In the previous part of the guide we have completed our basic system intallation, and we are now ready to move into actually configuring Xen.

After rebooting we can verify that our bridge is correctly configured and that we are actually in Xen with Dom0 using only 512 megs and 1 CPU.

andromeda
root@andromeda:~# brctl show
bridge name	bridge id		STP enabled	interfaces
virbr1		8000.00163ed10be7	yes		virbr1-dummy
xenbr0		8000.b4b52fe06860	no		eno1
root@andromeda:~# ip addr
....

2: eno1: ..........
    link/ether xx:xx:xx:xx:xx:xx brd ff:ff:ff:ff:ff:ff
3: xenbr0: .........
    link/ether xx:xx:xx:xx:xx:xx brd ff:ff:ff:ff:ff:ff
    inet xxx.xxx.xxx.xxx/24 brd xxx.xxx.xxx.255 scope global xenbr0
       valid_lft forever preferred_lft forever
    inet6 xxxx::xxxx:xxxx:xxxx:xxxx/64 scope link 
       valid_lft forever preferred_lft forever

...

5: virbr1-dummy: ..........
    link/ether xx:xx:xx:xx:xx:xx brd ff:ff:ff:ff:ff:ff
6: virbr1: ..........
    link/ether 00:16:3e:d1:0b:e7 brd ff:ff:ff:ff:ff:ff
    inet 192.168.100.1/24 brd 192.168.100.255 scope global virbr1
       valid_lft forever preferred_lft forever
    inet6 fe80::216:3eff:fed1:be7/64 scope link 
       valid_lft forever preferred_lft forever
root@andromeda:~# xl list
Name                                        ID   Mem VCPUs	State	Time(s)
Domain-0                                     0   512     1     r-----      11.2
root@andromeda:~# xl info
...
machine                : x86_64
nr_cpus                : 12
max_cpu_id             : 11
nr_nodes               : 1
...
total_memory           : 16307
free_memory            : 15577
...

At this point we have the needed building blocks, but before starting to boot our first Xen guest we still need to configure the needed masquerading and forwarding. Let’s first install a package that allows us to persist our iptables rules

andromeda
Allow the package to save the existing rules as well as some other useful miscellaneous packages
root@andromeda:~# aptitude -t stretch-backports install iptables-persistent gawk bash-completion genisoimage

and overwrite the generated /etc/iptables/rules.v4 file with the following, please change <your dom0 lan ip> below to your network IP address (i.e. the address your dom0 is accessible on when ssh’ing to it from other PCs on your network)
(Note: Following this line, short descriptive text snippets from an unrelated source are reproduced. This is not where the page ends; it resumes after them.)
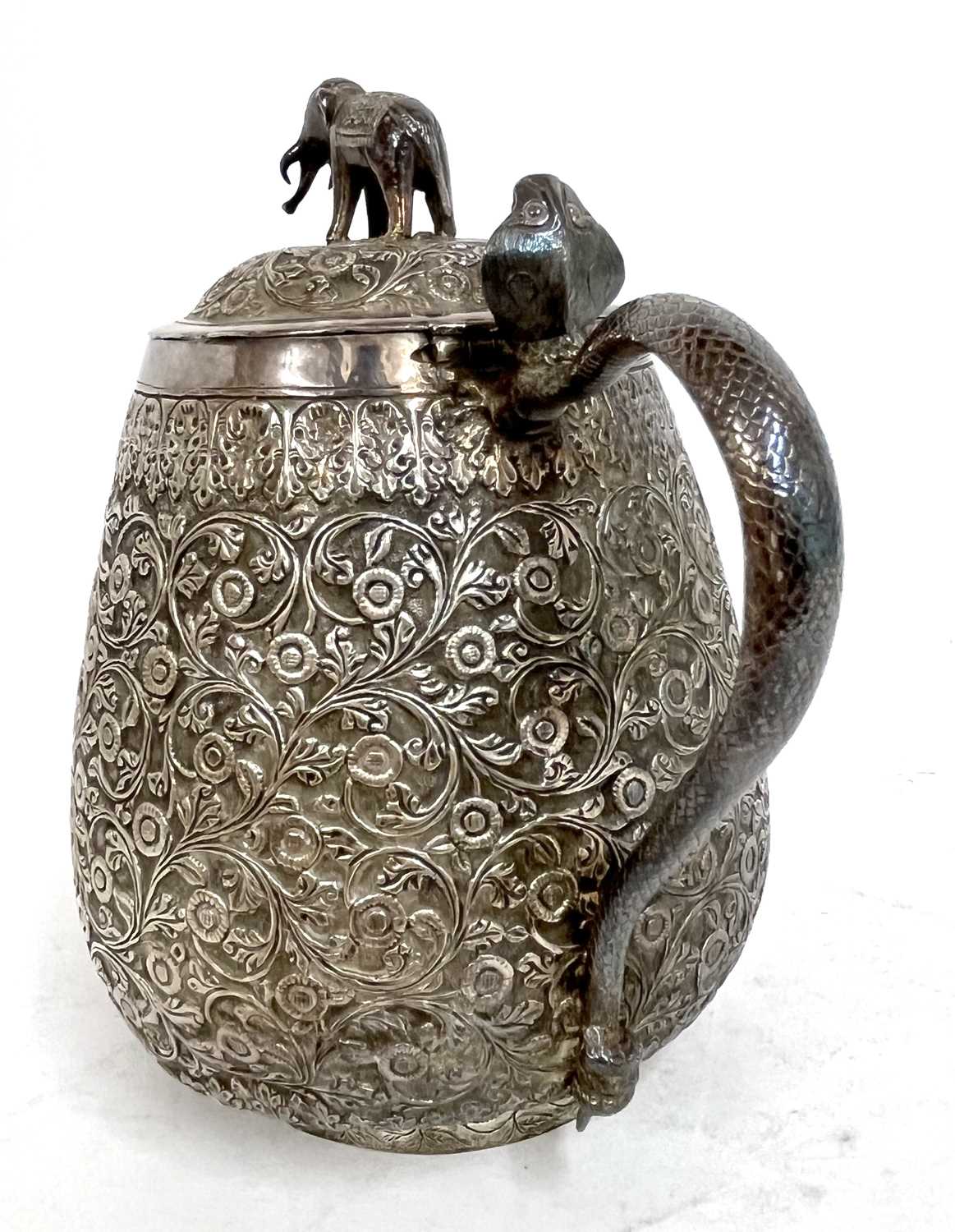 Antique Indian silver tea set 'Lucknow Circa 1900' with elephant and cobra design, comprising - Image 20 of 23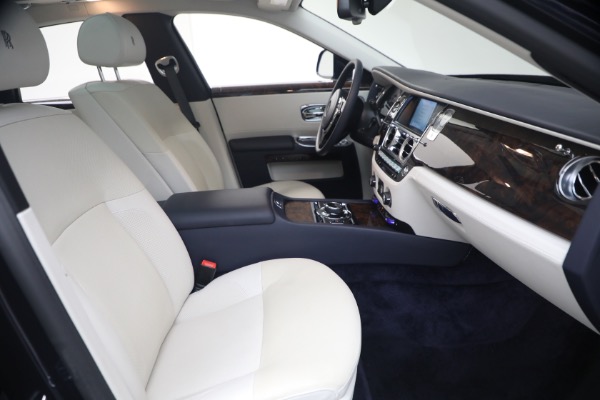 Used 2014 Rolls-Royce Ghost for sale $139,900 at Miller Motorcars Aston Martin in Greenwich CT 06830 28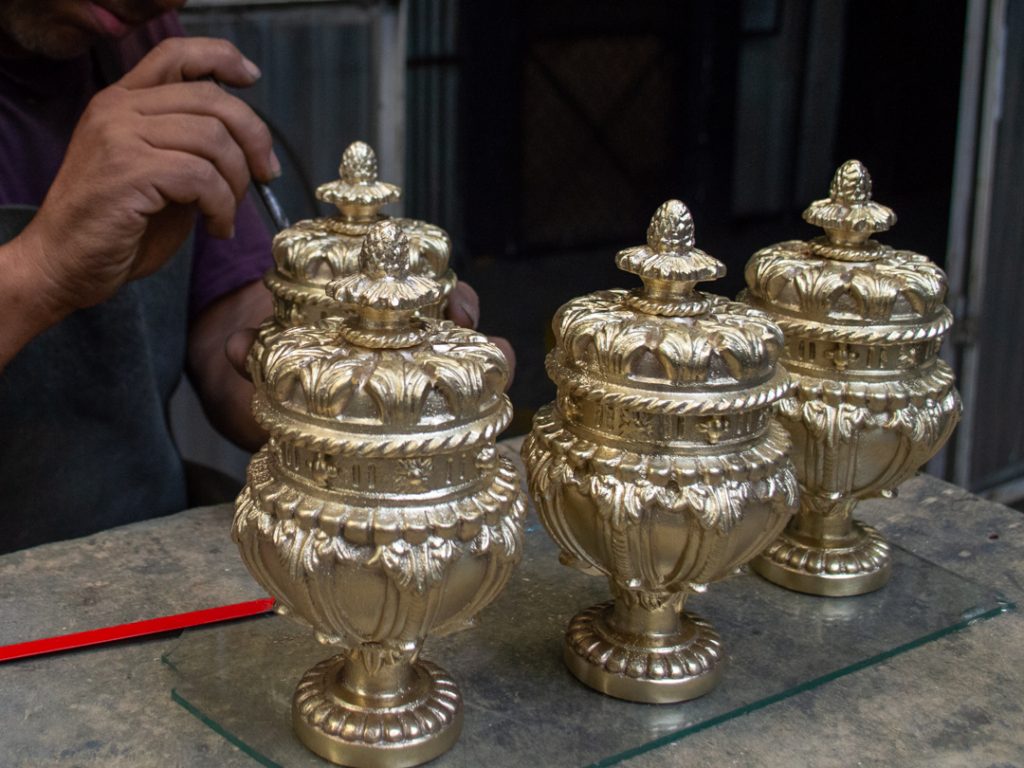 CASTED FINIALS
This iptables configuration comes from Jamie Nguyen’s blog which has a lot more detail and information on how to configure libvirt networking.

# This format is understood by iptables-restore. See `man iptables-restore`.

*mangle
:PREROUTING ACCEPT [0:0]
:INPUT ACCEPT [0:0]
:FORWARD ACCEPT [0:0]
:OUTPUT ACCEPT [0:0]
:POSTROUTING ACCEPT [0:0]
-A POSTROUTING -o virbr1 -p udp -m udp --dport 68 -j CHECKSUM --checksum-fill
COMMIT


*nat
:PREROUTING ACCEPT [0:0]
:OUTPUT ACCEPT [0:0]
:POSTROUTING ACCEPT [0:0]
-A PREROUTING -d  <your dom0 lan ip>/32 -p tcp -m tcp --syn --dport 8022 -j DNAT --to-destination 192.168.100.254:22
-A POSTROUTING -s 192.168.100.0/24 -d 224.0.0.0/24 -j RETURN
-A POSTROUTING -s 192.168.100.0/24 -d 255.255.255.255/32 -j RETURN
-A POSTROUTING -s 192.168.100.0/24 ! -d 192.168.100.0/24 -p tcp -j MASQUERADE --to-ports 1024-65535
-A POSTROUTING -s 192.168.100.0/24 ! -d 192.168.100.0/24 -p udp -j MASQUERADE --to-ports 1024-65535
-A POSTROUTING -s 192.168.100.0/24 ! -d 192.168.100.0/24 -j MASQUERADE
COMMIT

*filter
:INPUT ACCEPT [0:0]
:FORWARD ACCEPT [0:0]
:OUTPUT ACCEPT [0:0]
-A INPUT -m conntrack --ctstate RELATED,ESTABLISHED -j ACCEPT
-A INPUT -i lo -j ACCEPT
-A INPUT -p icmp --icmp-type 8 -m conntrack --ctstate NEW -j ACCEPT
-A INPUT -p tcp -m tcp --syn -m conntrack --ctstate NEW --dport 22 -j ACCEPT
-A INPUT -i virbr1 -p udp -m udp -m multiport --dports 53,67 -j ACCEPT
-A INPUT -i virbr1 -p tcp -m tcp -m multiport --dports 53,67 -j ACCEPT
-A INPUT -m conntrack --ctstate INVALID -j DROP
-A INPUT -p tcp -m tcp -j REJECT --reject-with tcp-reset
-A INPUT -j REJECT --reject-with icmp-port-unreachable

-A FORWARD -d 192.168.100.0/24 -o virbr1 -m conntrack --ctstate RELATED,ESTABLISHED -j ACCEPT
-A FORWARD -s 192.168.100.0/24 -i virbr1 -j ACCEPT
-A FORWARD -i virbr1 -o virbr1 -j ACCEPT
-A FORWARD -d 192.168.100.254/32 -o virbr1 -p tcp -m tcp --syn -m conntrack --ctstate NEW -m multiport --dports 22 -j ACCEPT
-A FORWARD -d <your dom0 lan ip>/32 -o virbr1 -p tcp -m tcp --syn -m conntrack --ctstate NEW -m multiport --dports 8022 -j ACCEPT
-A FORWARD -i virbr1 -j REJECT --reject-with icmp-port-unreachable
-A FORWARD -o virbr1 -j REJECT --reject-with icmp-port-unreachable
COMMIT

the above will set up rules so that your guests will be able to access the internet, and you will be able to connect to to your Dom-0 on port 8022 and have it forwarded to the failsafe 192.168.100.254 guest on port 22 (for ssh access).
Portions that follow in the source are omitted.